The modern data stack has settled into a comfortable shape: ingestion, warehouse, transformation, BI. What's still missing is a shared semantic layer, a place where a metric like "monthly active users" is defined once and consumed consistently by every downstream tool. DataJunction is our take on that layer, building on the open-source project of the same name that originated at Airbnb.
Problems we kept hitting
- The same metric defined differently across dashboards, causing endless reconciliation meetings.
- Expensive recomputation because each tool built its own aggregates from raw tables.

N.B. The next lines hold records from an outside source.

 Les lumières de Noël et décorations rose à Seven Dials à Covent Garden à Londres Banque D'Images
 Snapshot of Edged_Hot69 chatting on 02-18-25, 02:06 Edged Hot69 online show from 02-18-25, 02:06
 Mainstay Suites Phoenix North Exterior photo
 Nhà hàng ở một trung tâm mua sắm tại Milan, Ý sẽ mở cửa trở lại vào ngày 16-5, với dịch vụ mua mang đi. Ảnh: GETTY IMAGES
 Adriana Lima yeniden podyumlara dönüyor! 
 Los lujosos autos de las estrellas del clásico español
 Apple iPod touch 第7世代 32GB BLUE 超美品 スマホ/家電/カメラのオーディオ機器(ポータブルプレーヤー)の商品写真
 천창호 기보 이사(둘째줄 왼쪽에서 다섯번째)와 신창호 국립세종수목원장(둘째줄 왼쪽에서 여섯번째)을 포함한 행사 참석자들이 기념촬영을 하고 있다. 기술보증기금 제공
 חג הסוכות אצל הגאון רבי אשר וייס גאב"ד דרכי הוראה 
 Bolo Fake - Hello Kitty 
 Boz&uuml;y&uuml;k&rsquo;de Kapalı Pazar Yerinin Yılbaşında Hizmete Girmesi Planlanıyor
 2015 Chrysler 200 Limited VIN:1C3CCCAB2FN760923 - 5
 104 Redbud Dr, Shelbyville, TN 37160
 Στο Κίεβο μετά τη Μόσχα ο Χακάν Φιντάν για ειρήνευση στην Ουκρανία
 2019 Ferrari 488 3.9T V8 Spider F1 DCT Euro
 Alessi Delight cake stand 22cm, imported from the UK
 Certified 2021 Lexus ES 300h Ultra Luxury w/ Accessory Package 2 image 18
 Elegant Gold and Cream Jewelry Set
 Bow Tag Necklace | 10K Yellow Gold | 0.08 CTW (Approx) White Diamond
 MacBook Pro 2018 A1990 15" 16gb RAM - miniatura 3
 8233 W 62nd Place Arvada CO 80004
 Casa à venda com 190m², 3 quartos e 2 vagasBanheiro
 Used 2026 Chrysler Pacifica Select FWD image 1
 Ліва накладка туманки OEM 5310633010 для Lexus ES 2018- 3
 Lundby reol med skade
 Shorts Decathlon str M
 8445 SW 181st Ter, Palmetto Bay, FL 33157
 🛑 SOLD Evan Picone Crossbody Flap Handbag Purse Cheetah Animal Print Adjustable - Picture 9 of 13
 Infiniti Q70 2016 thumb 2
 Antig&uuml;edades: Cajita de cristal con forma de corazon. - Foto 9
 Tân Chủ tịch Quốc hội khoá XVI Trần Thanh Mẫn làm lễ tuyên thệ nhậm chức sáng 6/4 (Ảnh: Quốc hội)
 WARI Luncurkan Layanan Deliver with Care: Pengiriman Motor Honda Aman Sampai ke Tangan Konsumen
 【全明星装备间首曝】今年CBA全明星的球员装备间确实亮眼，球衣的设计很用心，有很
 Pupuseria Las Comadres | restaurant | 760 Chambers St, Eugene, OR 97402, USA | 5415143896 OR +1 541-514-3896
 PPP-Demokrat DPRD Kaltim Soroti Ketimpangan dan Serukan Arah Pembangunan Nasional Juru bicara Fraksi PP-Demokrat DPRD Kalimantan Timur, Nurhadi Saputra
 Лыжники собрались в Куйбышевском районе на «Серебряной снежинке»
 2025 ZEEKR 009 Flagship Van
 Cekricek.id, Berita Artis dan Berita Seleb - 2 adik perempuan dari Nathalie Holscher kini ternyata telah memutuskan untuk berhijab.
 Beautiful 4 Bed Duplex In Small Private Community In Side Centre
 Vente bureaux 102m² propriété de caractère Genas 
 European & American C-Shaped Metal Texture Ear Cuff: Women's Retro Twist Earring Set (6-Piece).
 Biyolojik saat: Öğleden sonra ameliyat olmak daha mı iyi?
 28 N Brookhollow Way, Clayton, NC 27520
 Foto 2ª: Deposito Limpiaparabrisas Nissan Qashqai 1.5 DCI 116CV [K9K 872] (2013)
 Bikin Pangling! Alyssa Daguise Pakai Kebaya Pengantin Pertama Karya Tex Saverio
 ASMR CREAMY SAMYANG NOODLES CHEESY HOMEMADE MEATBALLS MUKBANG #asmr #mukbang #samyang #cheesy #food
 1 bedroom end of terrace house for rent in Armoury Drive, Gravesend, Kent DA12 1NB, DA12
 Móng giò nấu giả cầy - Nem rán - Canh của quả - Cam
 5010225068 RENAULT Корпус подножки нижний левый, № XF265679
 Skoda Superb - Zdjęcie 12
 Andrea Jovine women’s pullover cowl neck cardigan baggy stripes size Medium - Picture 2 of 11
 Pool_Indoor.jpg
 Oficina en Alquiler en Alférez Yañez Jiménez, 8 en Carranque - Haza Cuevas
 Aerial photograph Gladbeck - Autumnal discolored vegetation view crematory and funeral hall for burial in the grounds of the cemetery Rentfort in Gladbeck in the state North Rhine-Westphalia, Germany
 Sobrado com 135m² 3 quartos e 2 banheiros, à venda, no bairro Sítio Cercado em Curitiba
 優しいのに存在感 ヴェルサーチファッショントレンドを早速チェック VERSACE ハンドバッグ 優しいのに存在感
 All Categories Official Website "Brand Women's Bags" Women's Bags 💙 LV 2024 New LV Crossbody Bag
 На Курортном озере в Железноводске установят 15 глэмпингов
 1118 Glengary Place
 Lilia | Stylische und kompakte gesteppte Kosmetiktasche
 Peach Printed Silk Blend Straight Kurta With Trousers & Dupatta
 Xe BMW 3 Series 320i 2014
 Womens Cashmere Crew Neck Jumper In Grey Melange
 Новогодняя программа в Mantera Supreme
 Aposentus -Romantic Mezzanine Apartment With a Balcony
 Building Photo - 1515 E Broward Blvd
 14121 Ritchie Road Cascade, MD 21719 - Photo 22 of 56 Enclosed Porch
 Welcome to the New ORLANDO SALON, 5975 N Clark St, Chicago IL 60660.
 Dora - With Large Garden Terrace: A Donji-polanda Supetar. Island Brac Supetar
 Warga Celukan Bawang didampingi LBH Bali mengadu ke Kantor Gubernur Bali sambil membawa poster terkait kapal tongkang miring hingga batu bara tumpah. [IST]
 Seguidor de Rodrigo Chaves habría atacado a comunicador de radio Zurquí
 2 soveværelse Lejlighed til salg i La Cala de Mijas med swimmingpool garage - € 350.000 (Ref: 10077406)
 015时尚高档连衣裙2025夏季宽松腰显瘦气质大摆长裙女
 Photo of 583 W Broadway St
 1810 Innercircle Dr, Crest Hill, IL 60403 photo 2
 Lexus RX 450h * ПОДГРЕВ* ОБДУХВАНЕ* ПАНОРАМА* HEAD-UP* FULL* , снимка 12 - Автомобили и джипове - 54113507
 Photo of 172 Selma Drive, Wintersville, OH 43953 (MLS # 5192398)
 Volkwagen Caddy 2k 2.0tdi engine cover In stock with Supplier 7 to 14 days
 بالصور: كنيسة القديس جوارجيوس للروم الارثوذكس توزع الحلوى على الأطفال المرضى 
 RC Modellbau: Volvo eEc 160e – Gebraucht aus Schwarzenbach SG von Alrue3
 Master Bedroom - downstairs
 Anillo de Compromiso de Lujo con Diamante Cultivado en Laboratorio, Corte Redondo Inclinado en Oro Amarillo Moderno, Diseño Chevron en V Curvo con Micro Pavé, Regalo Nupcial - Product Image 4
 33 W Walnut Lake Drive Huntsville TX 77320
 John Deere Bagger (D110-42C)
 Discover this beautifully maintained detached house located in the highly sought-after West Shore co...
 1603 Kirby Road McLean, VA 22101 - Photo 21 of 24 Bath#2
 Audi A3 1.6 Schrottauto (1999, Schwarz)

- Lineage breaking at the BI boundary, so governance and privacy reviews stopped at the warehouse.
What DataJunction does
It hosts a DAG of nodes: sources, transforms, dimensions, and metrics. Metrics are expressed declaratively. Consumers, dashboards, notebooks, ML features, request metrics by name. DataJunction picks the cheapest valid query plan across available materializations.
A metric definition is a small piece of declarative SQL:
metric monthly_active_users {
description: "Distinct users with >=1 stream in the last 30 days"
source: events.stream_started
expression: approx_count_distinct(user_id)
window: 30d
dimensions: [country, plan, device_class]
}
Why a service, not a library
A library forces every consumer into one language and one execution engine. As a service, DataJunction speaks SQL, GraphQL, and Python; the engine selection becomes an implementation detail.